_EXERCISE PROMPT_
Pictures stay out of the copy. Retype exactly the lines below from the one with "佛教-抢抓农时,自力更生,湖北各寺掀起春耕生产热潮 佛教" through the one with "Samojede Baby / Samoyed baby / AE-01110".

_RECORD SET_
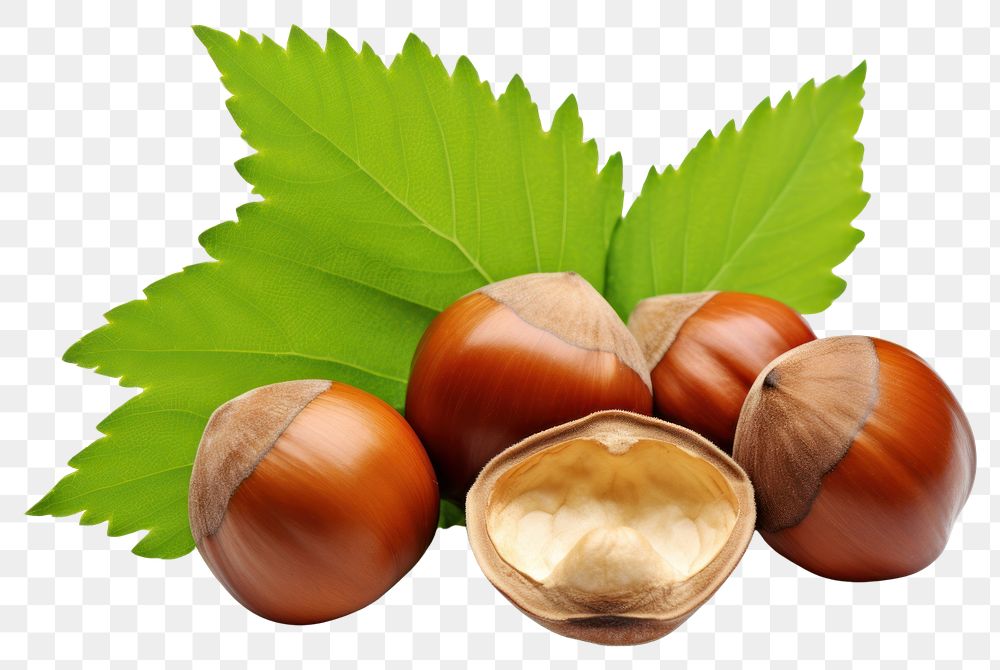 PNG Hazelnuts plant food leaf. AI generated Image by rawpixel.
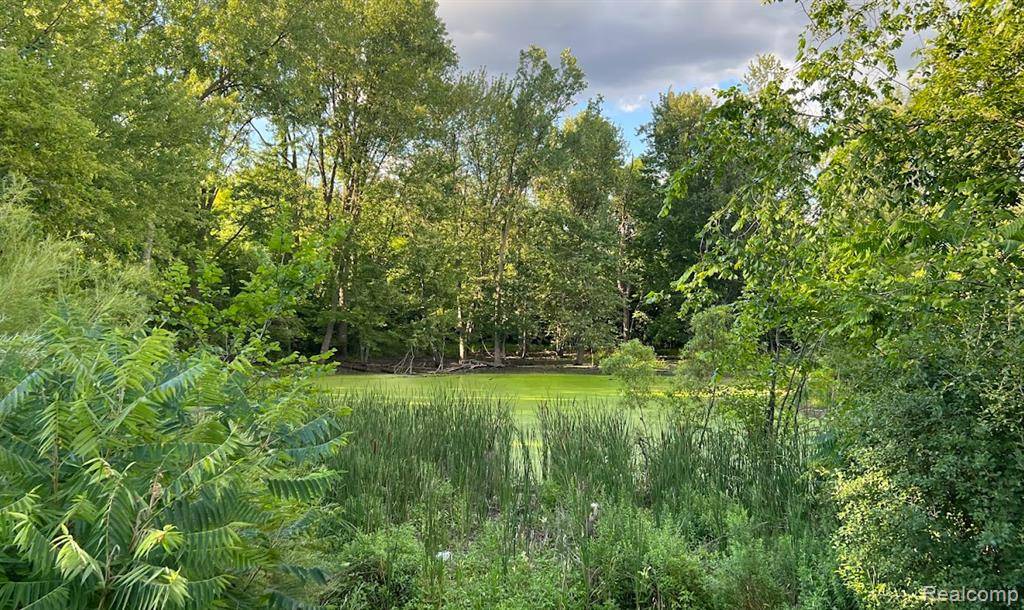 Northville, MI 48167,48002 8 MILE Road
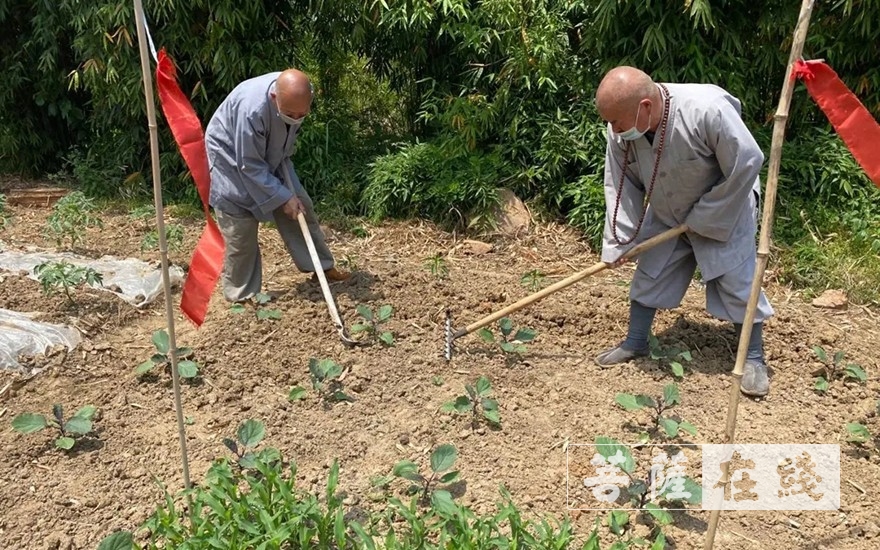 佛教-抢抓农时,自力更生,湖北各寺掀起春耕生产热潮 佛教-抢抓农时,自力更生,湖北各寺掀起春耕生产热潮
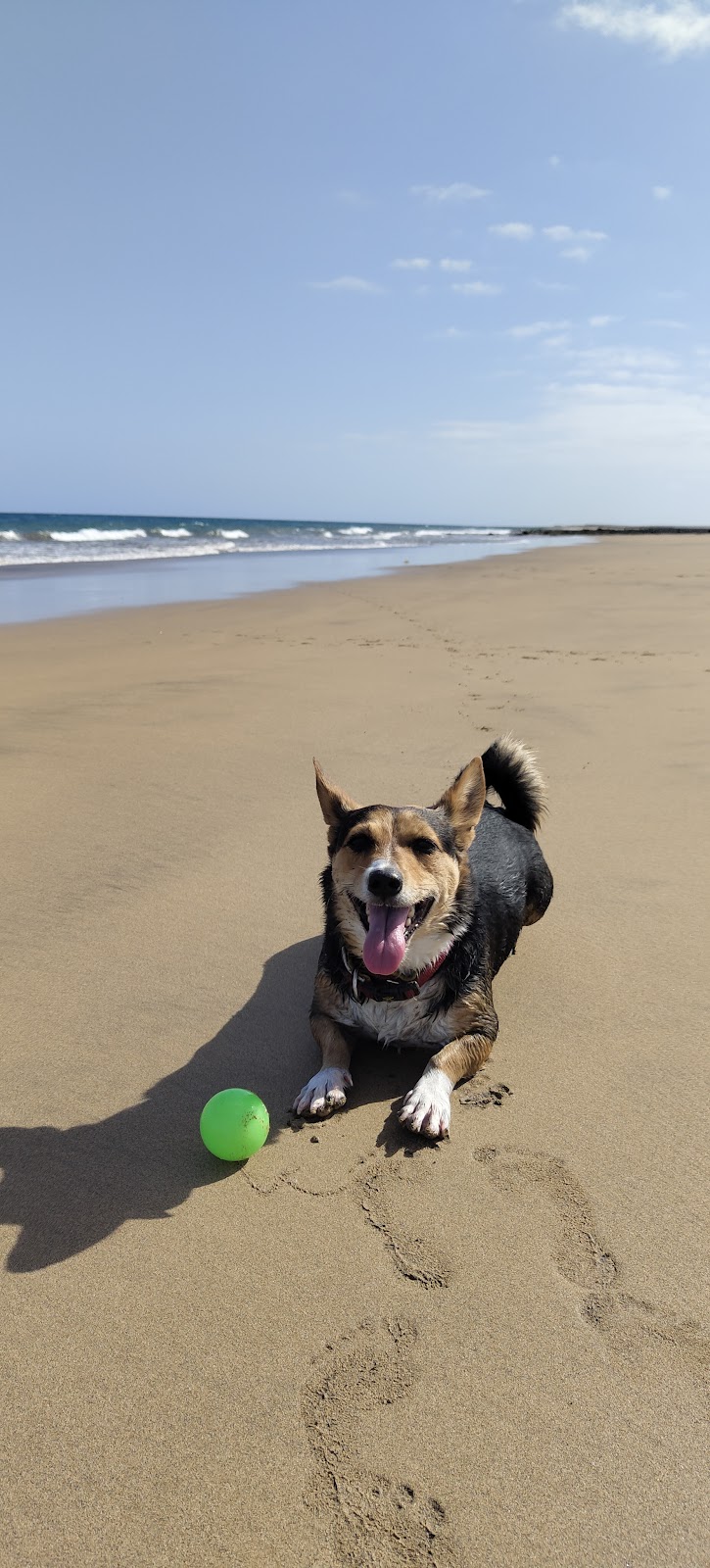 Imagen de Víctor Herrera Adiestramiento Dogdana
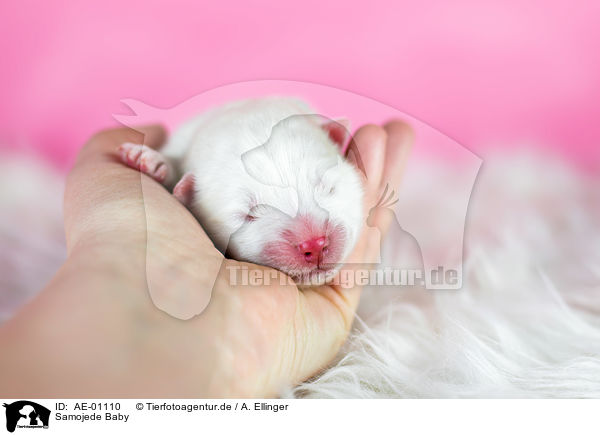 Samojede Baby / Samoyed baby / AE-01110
==
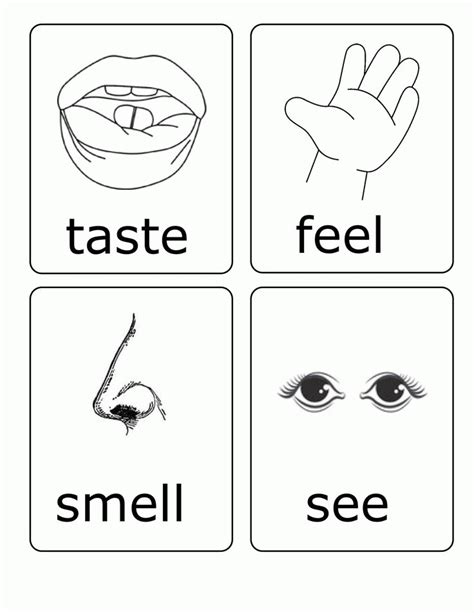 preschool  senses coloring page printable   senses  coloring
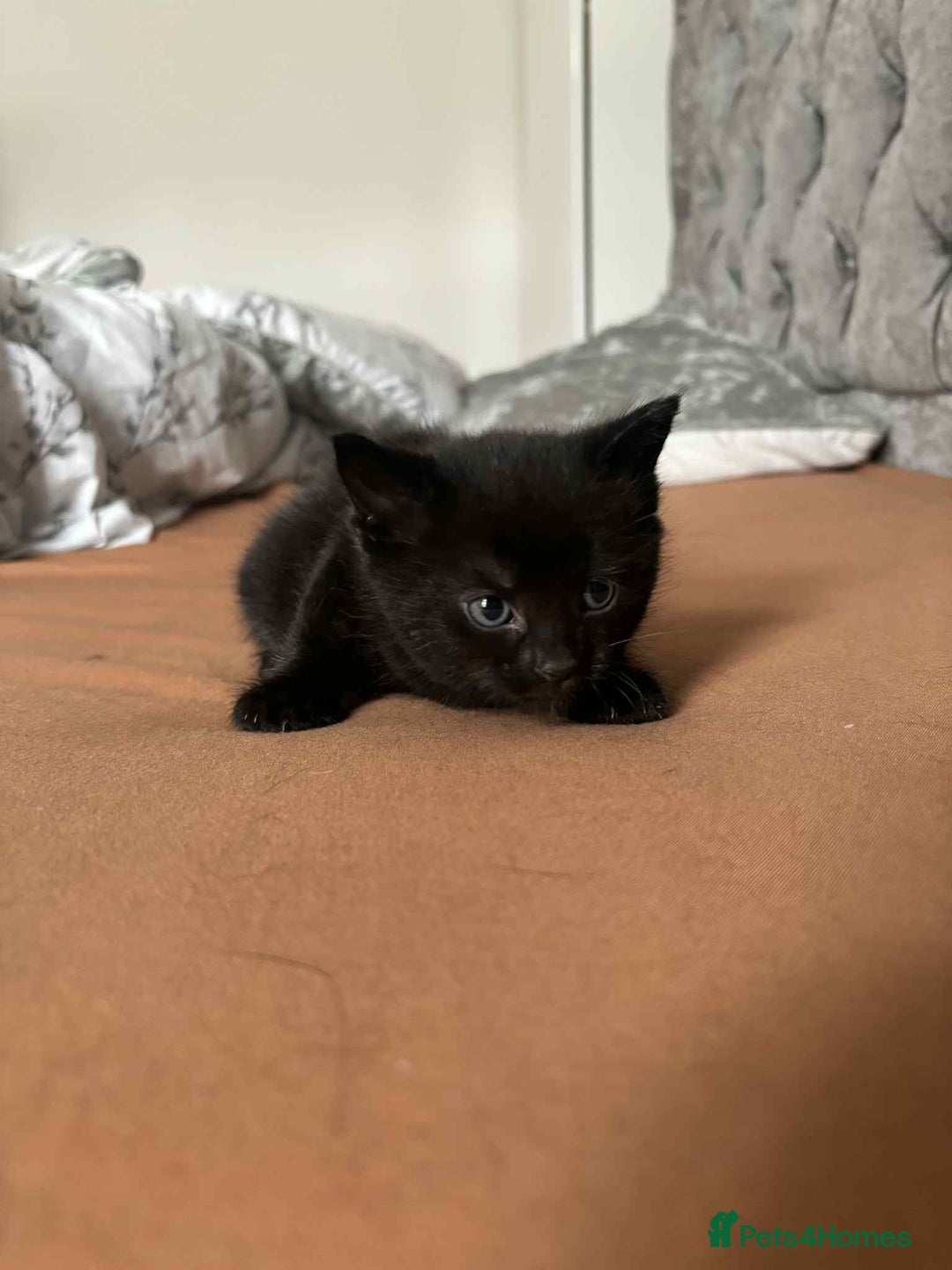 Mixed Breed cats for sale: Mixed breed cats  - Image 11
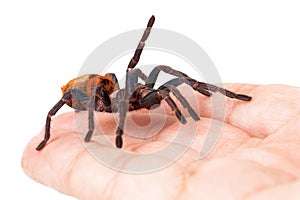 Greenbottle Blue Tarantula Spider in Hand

_ANSWER TO THE EXERCISE_
 佛教-抢抓农时,自力更生,湖北各寺掀起春耕生产热潮 佛教-抢抓农时,自力更生,湖北各寺掀起春耕生产热潮
 Imagen de Víctor Herrera Adiestramiento Dogdana
 Samojede Baby / Samoyed baby / AE-01110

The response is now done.